▸ **Data shown**:
################

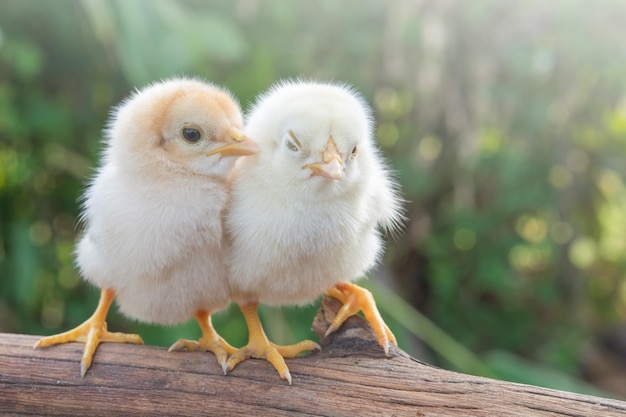 close-up of birds against blurred background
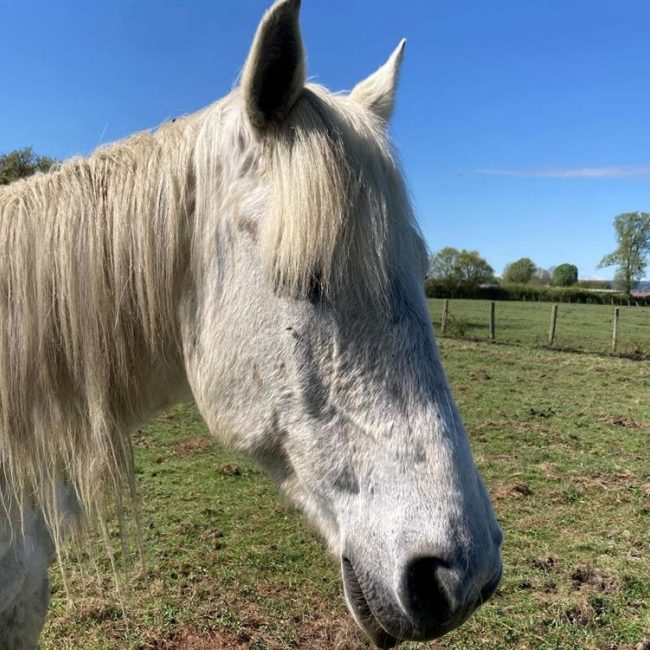 Nankor - Equidé Cheval à adopter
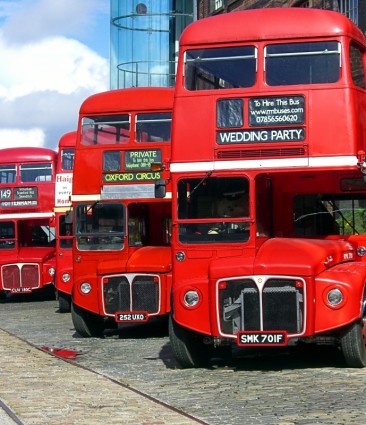 Bus transport pojazdu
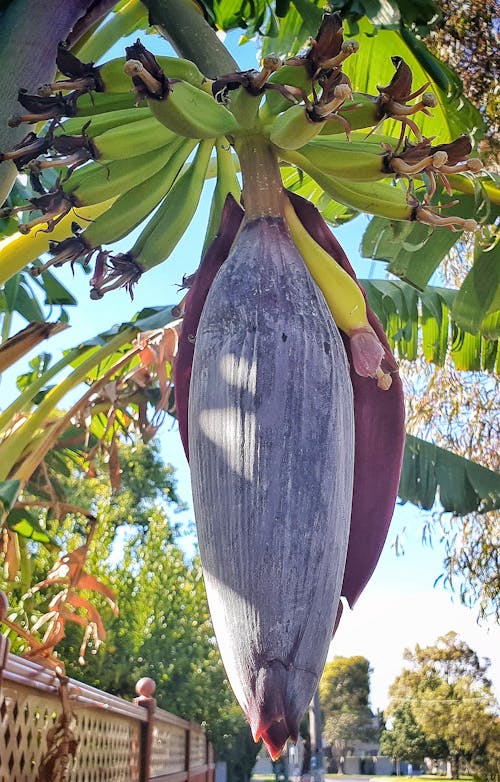 Gratis lagerfoto af banan blomst, bananblomst, bananer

################

▸ **What you have to do**: Set down all the data again exactly as above, pictures excluded.

▸ **Result for this task**:
 close-up of birds against blurred background
 Nankor - Equidé Cheval à adopter
 Bus transport pojazdu
 Gratis lagerfoto af banan blomst, bananblomst, bananer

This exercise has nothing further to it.